━━━ Dataset content ━━━

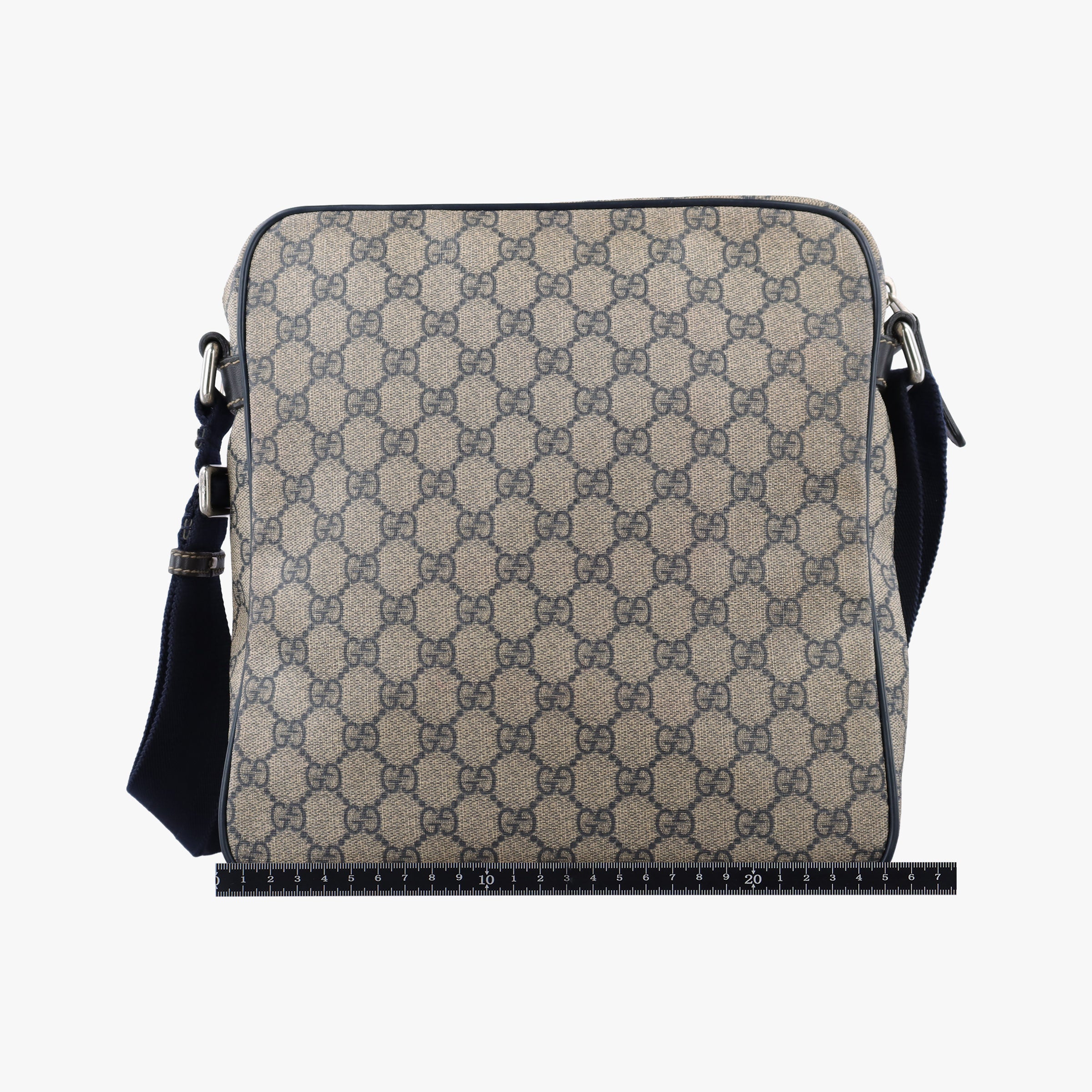 Secondhand Gucci GG Imprime Messenger Beige × Navy PVC coated canvas×leather 201448 shoulderbag | stylenewstar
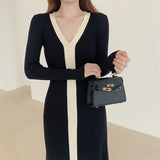 Winter Contrast Color V Neck Long Sleeve Casual Sweater Dress Chic Knitted Slit Elegant Midi Dress
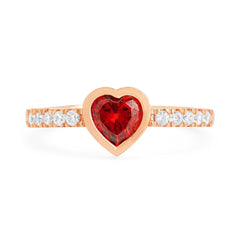 Heart Love Solitaire Cubic Zirconia Gold Red Maroon Copper Open Back Band Ring for Women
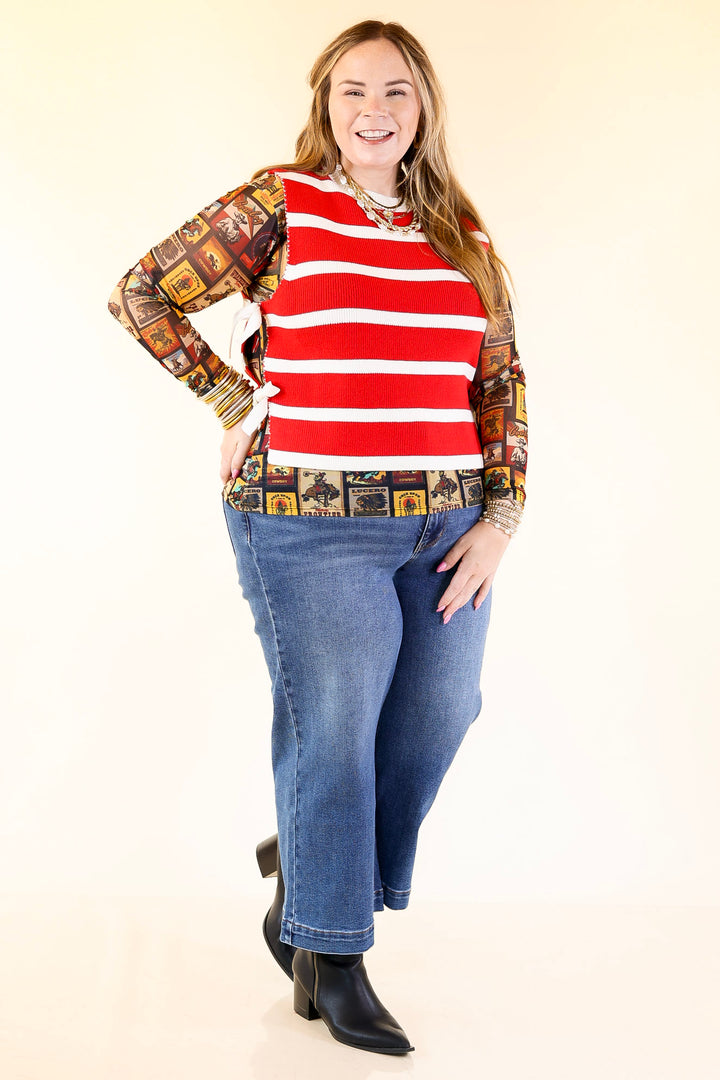 Tied Up in Style Knit Sweater with Side Ties in Red with Off White Stripes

━━━

** Task instructions **
The copy should hold, exactly, the lines from the one containing "Heart Love Solitaire" to the final line of the listing above, with both ends present and no pictures.

** Expected answer **
 Heart Love Solitaire Cubic Zirconia Gold Red Maroon Copper Open Back Band Ring for Women
 Tied Up in Style Knit Sweater with Side Ties in Red with Off White Stripes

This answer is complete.